Black Green Red Yellow (Blue)

"At first, we lived from my inheritance. We had an apartment on Riverside Drive. High on the twentieth floor, we watched the ships on the Hudson. Each place we had afterward, there were many, was slightly cheaper than the one before. And lower to the ground. In 1958 we went to 137 Seventh Avenue, South, on the Lower East Side. The apartment was in the basement, next to the boiler room. An incubator. The word among my students was not to come visit until summer when the heat was turned off. Evsa and I stayed there for the rest of our lives."

"We painted this basement apartment black, green, red, yellow. Planes of color that looked like Russian Constructivism or Mondrian. There was no daylight. The place was its own closed universe, dedicated to art with a capital A. It was beautiful. No one had seen anything like it. Students came to photograph the decor, such as it was. There wasn't much furniture. We built a plywood banquette that ran around the main room. That's where the students sat when they came for lessons."

"Evsa had left Russia. I'd left Vienna. We fashioned ourselves in New York as reborn world-citizens, no religion, no politics, or what Krishnamurti described as that rag, called a flag. Our new society was made up of artists. Survivors with one credo: Never compromise your principles."

"We were partners in this idealism. Our great fear was any- and everything bourgeois. We looked and lived like bohemians, like the artists we were. We wanted freedom!––What is art but one of the few freedoms left, where you can do exactly as you please without being thrown in jail! I had a hell of a time with money. It meant everything and nothing to me. When I tried to pay Willard Beecher, my spiritual advisor, he sent the money back, saying my ambivalence about money was the reason I was coming to him in the first place. I had to learn to accept his services gratis. That was his lesson."

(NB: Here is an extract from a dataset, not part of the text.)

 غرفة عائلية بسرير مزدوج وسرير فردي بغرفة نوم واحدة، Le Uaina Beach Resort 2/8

"Half the time, we were starving. I didn't understand kitchens. The way I'd been raised, how could I? Evsa did all the cooking. Spaghetti and eggs, every night, unless someone invited us to dinner. To some we looked like classic bohemians. To others, figments from a Mondrian painting. As we grew older, we dressed in black, with green or red scarves as accents. It was the uniform of our two-person army of freedom fighters––against every kind of corruption."

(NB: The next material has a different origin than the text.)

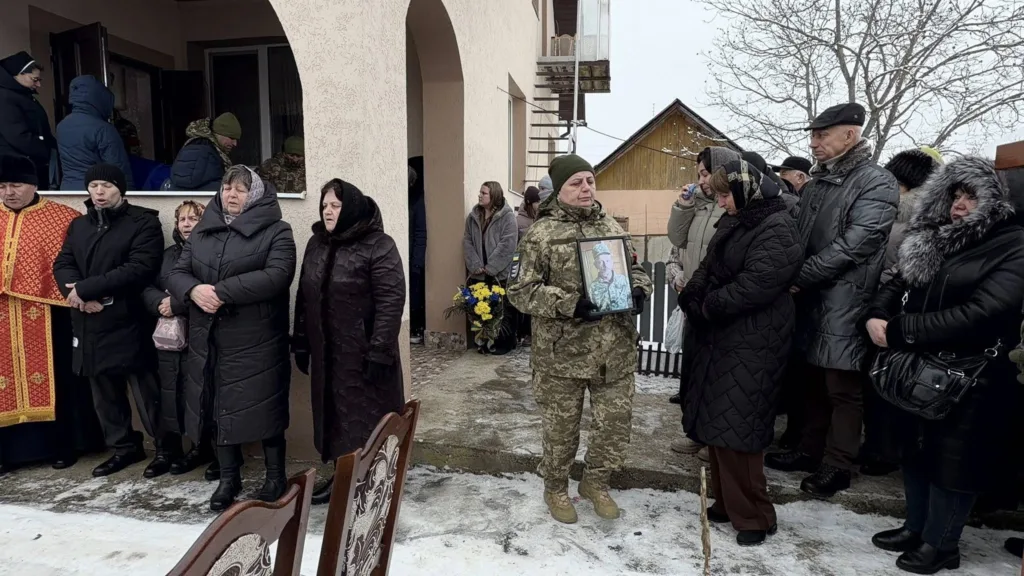 Люди прощаються із військовим біля будинку взимку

Shooting Off My Mouth, Spitting Into the Mirror, Lisette Model – a Narrative Autobiography / by Eugenia Parry (based on Model's manuscript notebooks and on interviews)

Manfred Heiting, editor and designer, used the photograph of the Model apartment (at top) as a double-page frontispiece, then based his layout for the entire book (published by Steidl in 2009) on the angles and colors he found there (also echoed in the colored inks of Model's reproduced notebook pages).

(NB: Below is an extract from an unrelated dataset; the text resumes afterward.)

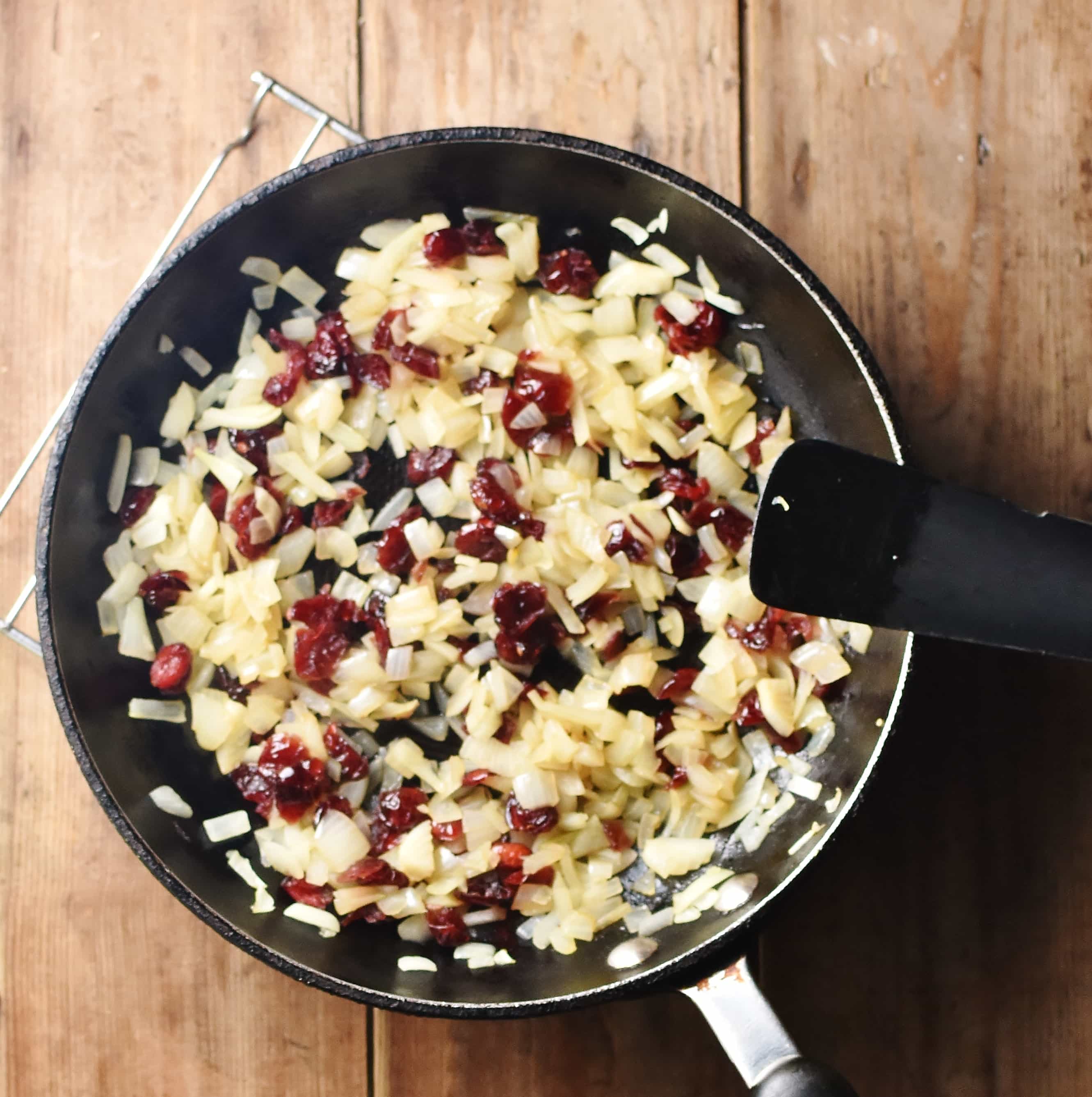 Chopped onions and cranberries in pan with black spatula.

Ideally, the book as object ought fully to body forth its subject. That ideal is, I think, accomplished in this book, and with elegance. How rare to see content and form functioning as sturdy equals. Steidl deserves great credit. Remarkable too that the work is still in print. Any commercial publisher in the U.S. would likely have remaindered it by now.

Earlier this summer Lisette Model (1901-1983) appeared here when I was reading the catalog of the only full-scale retrospective her photographs have received, so far. This took place in 1990 at the National Gallery of Canada, where Model's negatives and papers are preserved. Even though she spent almost fifty years living and working in New York, the only visionaries prepared to take on the archive at the time of her death were in Ottawa. No American institution came forward, so little was this crucial 20th century artist known or admired by the Reagan-era cultural establishment.